Crawled caption data
-------------------------
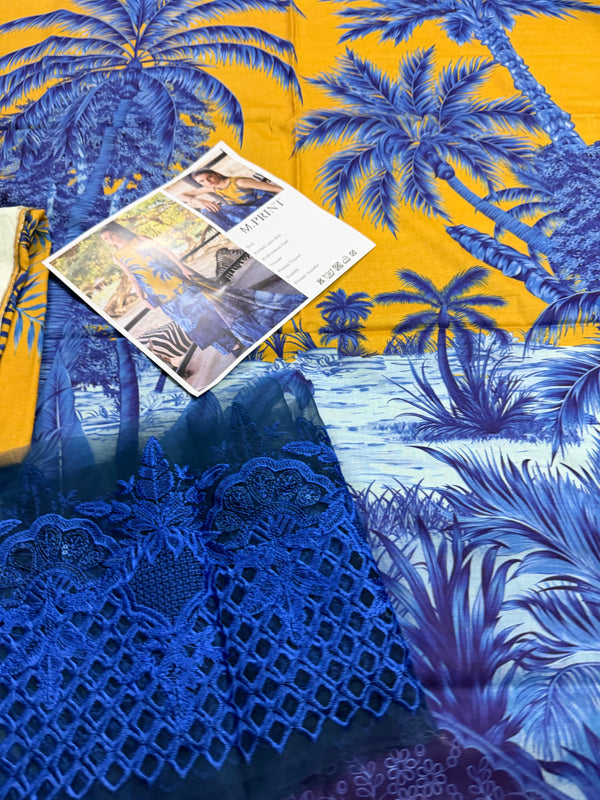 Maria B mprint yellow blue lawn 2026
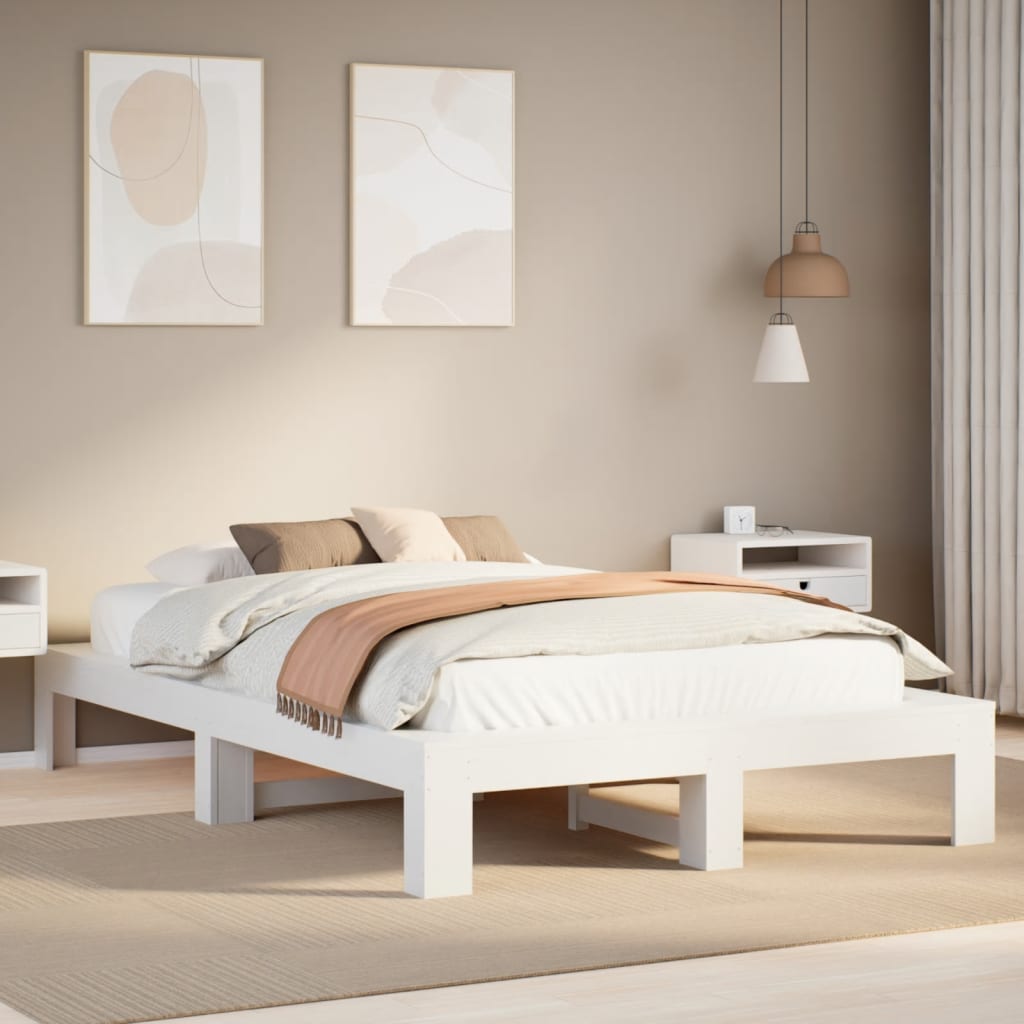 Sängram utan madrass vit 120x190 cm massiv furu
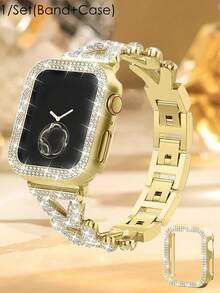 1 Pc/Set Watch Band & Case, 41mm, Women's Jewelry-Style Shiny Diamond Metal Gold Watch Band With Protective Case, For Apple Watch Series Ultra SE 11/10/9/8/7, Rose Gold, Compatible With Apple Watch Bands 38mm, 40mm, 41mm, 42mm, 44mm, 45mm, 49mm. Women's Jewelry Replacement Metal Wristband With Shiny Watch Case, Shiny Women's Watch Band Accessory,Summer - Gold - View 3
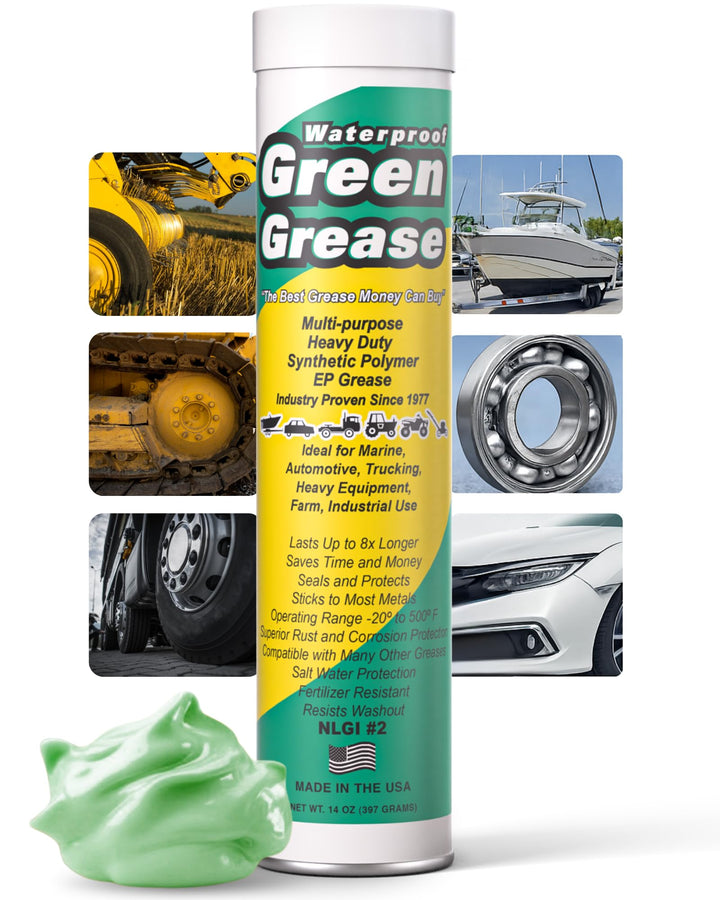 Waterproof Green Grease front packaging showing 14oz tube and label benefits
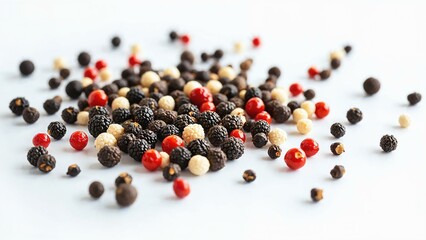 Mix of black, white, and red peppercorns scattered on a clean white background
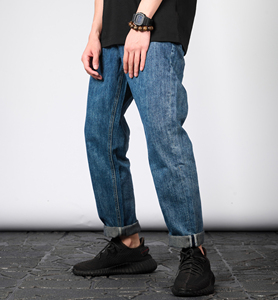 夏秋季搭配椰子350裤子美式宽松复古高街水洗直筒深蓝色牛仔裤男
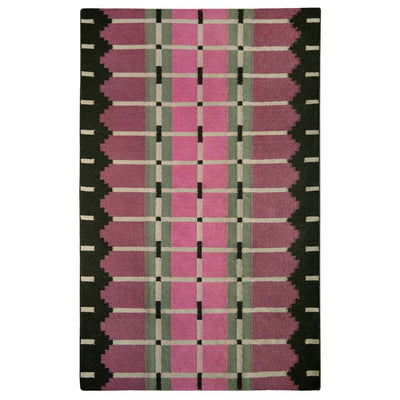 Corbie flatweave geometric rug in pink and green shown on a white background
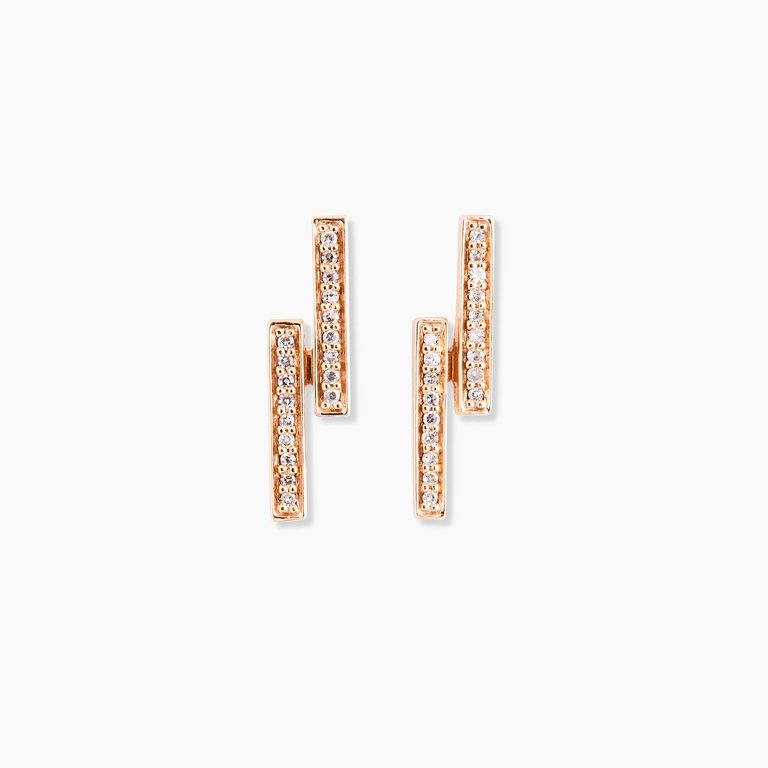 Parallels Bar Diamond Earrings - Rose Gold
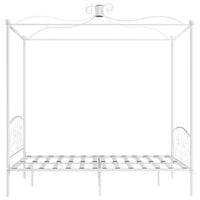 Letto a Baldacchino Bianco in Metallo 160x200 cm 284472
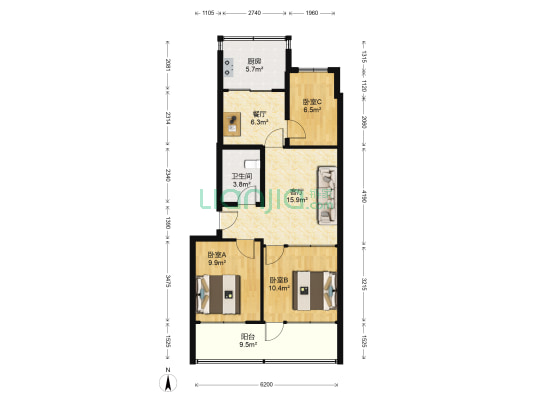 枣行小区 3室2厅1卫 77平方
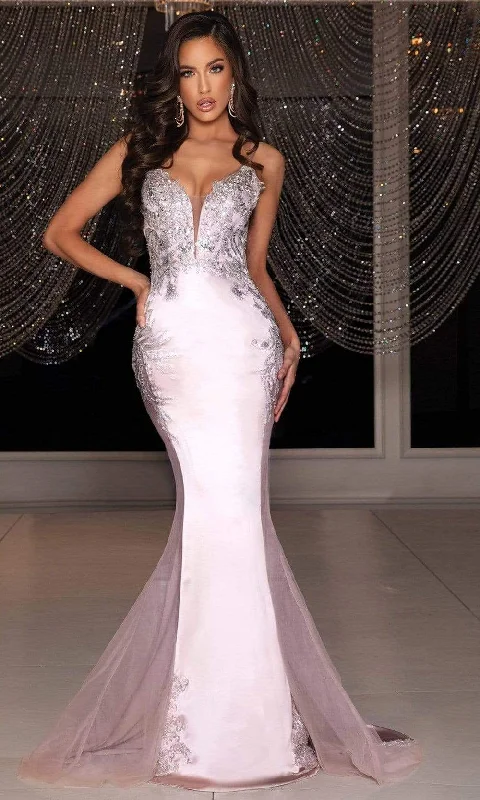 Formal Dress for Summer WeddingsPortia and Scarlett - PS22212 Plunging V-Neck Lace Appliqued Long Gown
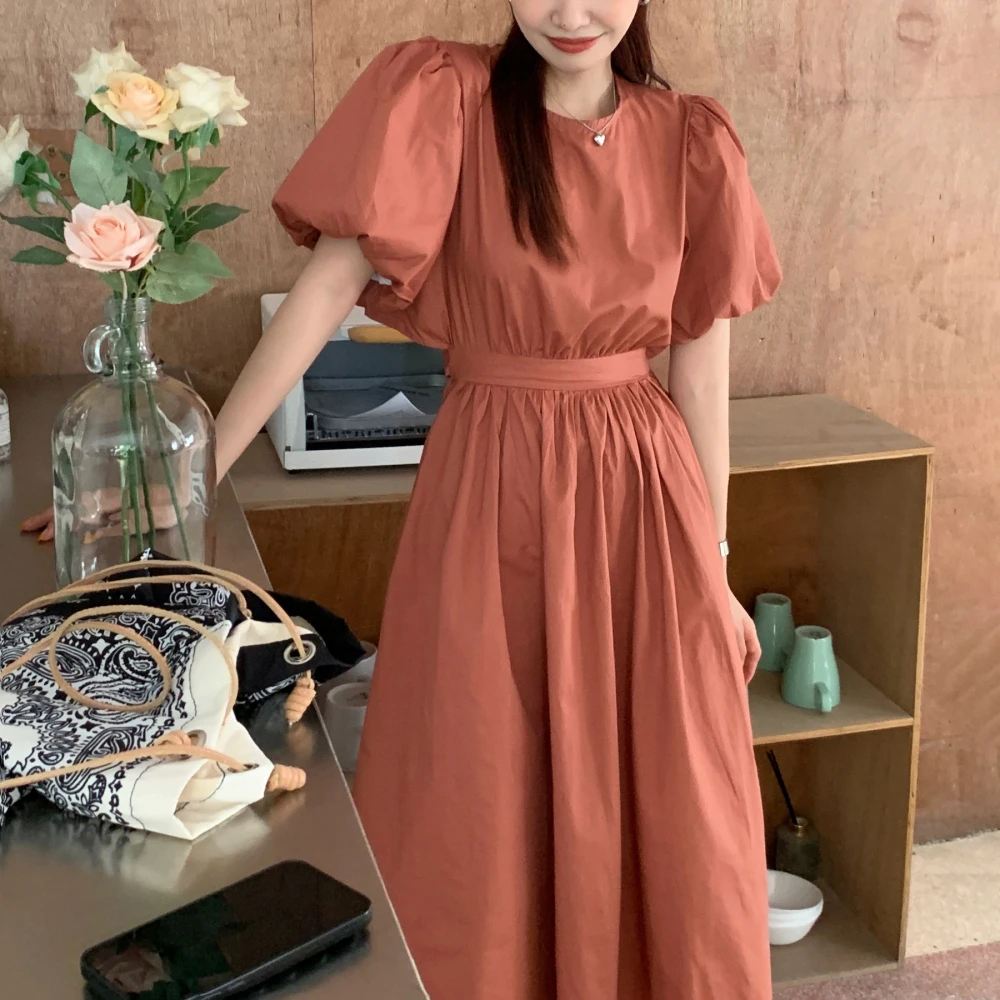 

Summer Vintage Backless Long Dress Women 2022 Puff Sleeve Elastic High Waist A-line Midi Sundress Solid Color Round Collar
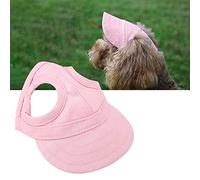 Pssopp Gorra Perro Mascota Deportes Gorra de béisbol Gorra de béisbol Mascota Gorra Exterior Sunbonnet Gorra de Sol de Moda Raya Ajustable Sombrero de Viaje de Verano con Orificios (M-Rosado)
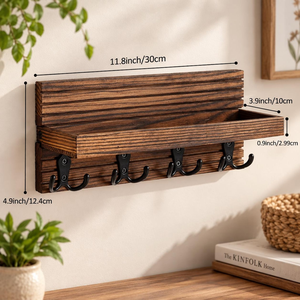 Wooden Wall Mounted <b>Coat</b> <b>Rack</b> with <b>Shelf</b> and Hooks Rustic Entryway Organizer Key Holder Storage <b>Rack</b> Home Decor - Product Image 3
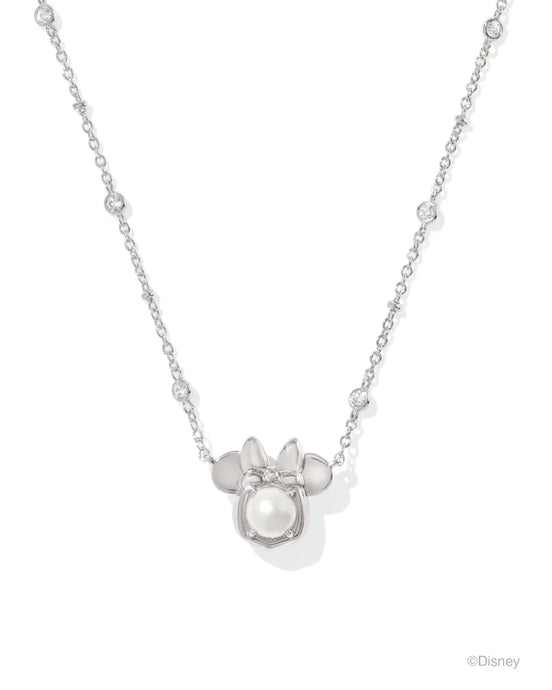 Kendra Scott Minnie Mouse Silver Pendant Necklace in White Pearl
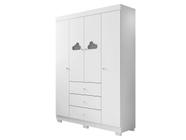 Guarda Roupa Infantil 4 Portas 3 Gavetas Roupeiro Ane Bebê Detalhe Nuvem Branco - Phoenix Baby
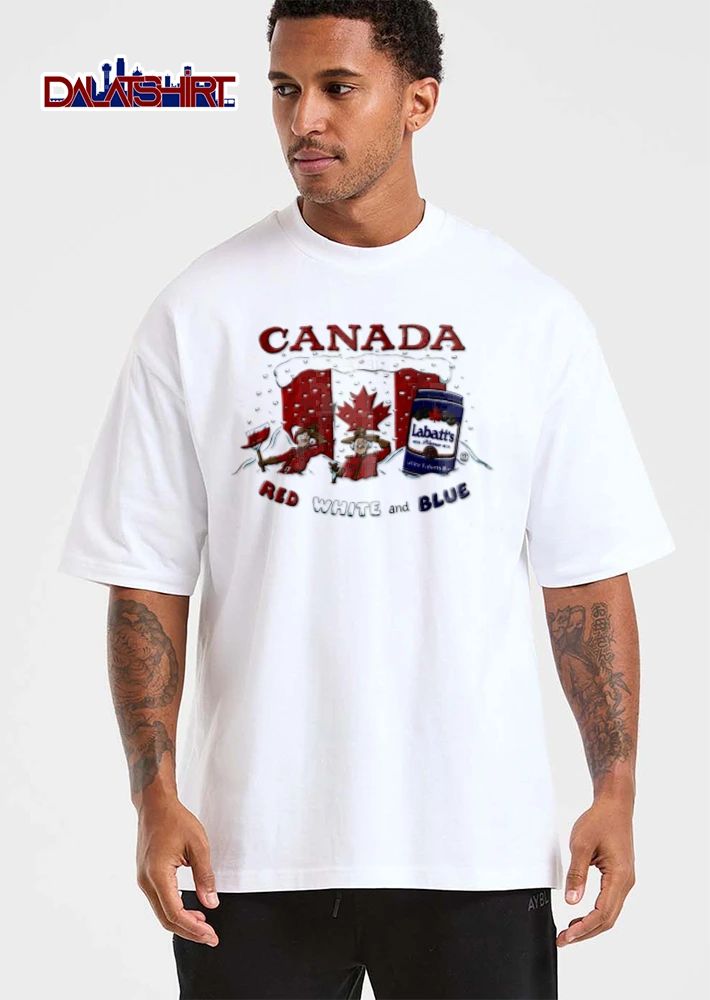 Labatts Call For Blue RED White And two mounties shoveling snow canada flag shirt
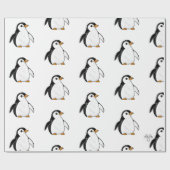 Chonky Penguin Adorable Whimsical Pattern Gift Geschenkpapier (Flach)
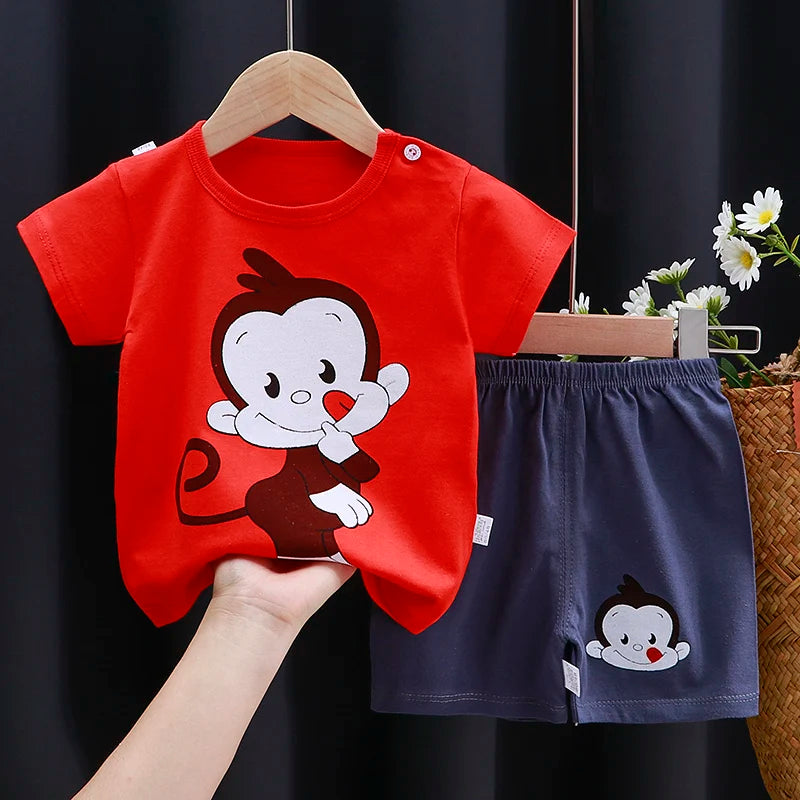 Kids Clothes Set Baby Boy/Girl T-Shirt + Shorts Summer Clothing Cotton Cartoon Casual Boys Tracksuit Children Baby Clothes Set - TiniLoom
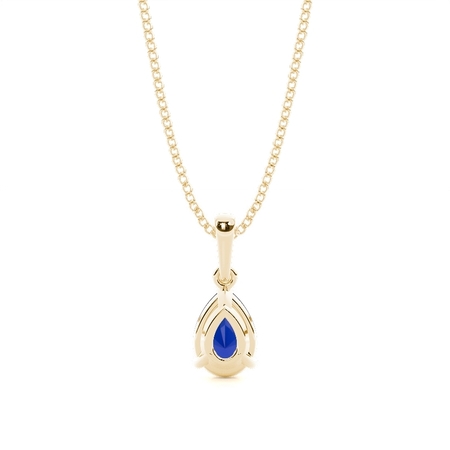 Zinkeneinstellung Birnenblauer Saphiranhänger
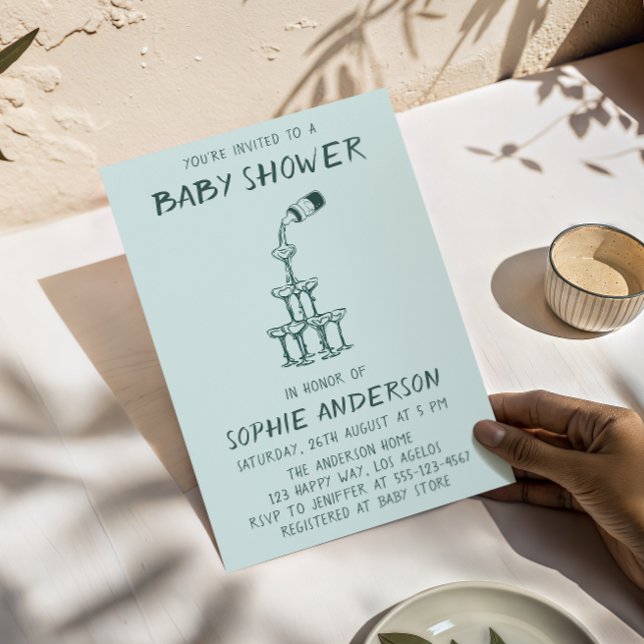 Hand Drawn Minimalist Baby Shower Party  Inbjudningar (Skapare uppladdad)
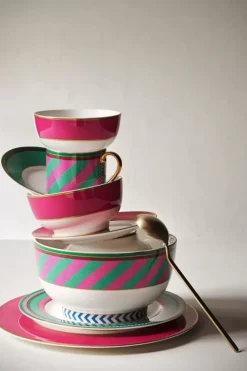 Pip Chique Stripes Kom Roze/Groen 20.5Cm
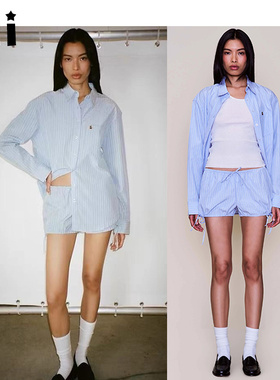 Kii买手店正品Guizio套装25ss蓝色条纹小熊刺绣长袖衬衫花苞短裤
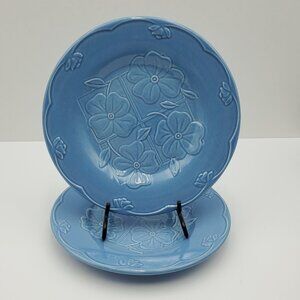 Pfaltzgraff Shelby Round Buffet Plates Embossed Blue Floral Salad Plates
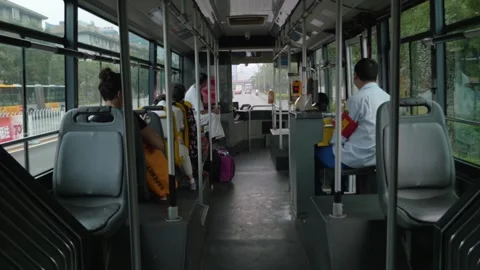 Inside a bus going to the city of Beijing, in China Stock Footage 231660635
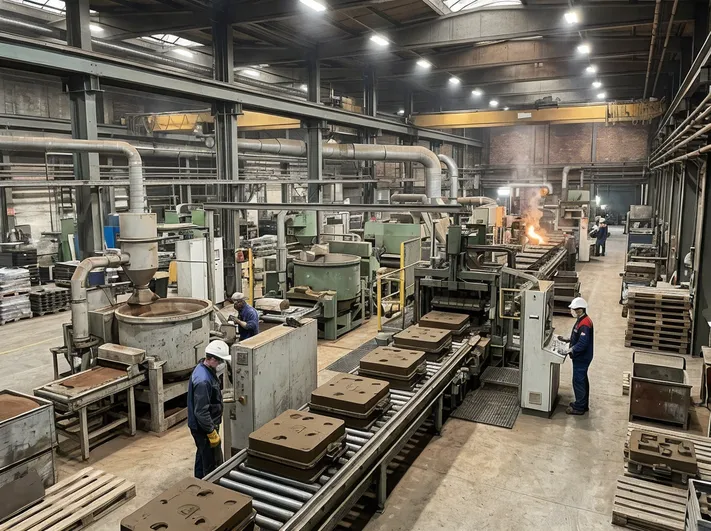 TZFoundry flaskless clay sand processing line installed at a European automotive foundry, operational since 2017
-------------------------
### WORK ORDER
Pictures should not appear in the copy. Write out exactly the lines above from the first one through the line that contains "Kendra Scott Minnie".

### PROBLEM SOLUTION
 Maria B mprint yellow blue lawn 2026
 Sängram utan madrass vit 120x190 cm massiv furu
 1 Pc/Set Watch Band & Case, 41mm, Women's Jewelry-Style Shiny Diamond Metal Gold Watch Band With Protective Case, For Apple Watch Series Ultra SE 11/10/9/8/7, Rose Gold, Compatible With Apple Watch Bands 38mm, 40mm, 41mm, 42mm, 44mm, 45mm, 49mm. Women's Jewelry Replacement Metal Wristband With Shiny Watch Case, Shiny Women's Watch Band Accessory,Summer - Gold - View 3
 Waterproof Green Grease front packaging showing 14oz tube and label benefits
 Mix of black, white, and red peppercorns scattered on a clean white background
 夏秋季搭配椰子350裤子美式宽松复古高街水洗直筒深蓝色牛仔裤男
 Corbie flatweave geometric rug in pink and green shown on a white background
 Parallels Bar Diamond Earrings - Rose Gold
 Letto a Baldacchino Bianco in Metallo 160x200 cm 284472
 枣行小区 3室2厅1卫 77平方
 Formal Dress for Summer WeddingsPortia and Scarlett - PS22212 Plunging V-Neck Lace Appliqued Long Gown

Summer Vintage Backless Long Dress Women 2022 Puff Sleeve Elastic High Waist A-line Midi Sundress Solid Color Round Collar
 Pssopp Gorra Perro Mascota Deportes Gorra de béisbol Gorra de béisbol Mascota Gorra Exterior Sunbonnet Gorra de Sol de Moda Raya Ajustable Sombrero de Viaje de Verano con Orificios (M-Rosado)
 Wooden Wall Mounted <b>Coat</b> <b>Rack</b> with <b>Shelf</b> and Hooks Rustic Entryway Organizer Key Holder Storage <b>Rack</b> Home Decor - Product Image 3
 Kendra Scott Minnie Mouse Silver Pendant Necklace in White Pearl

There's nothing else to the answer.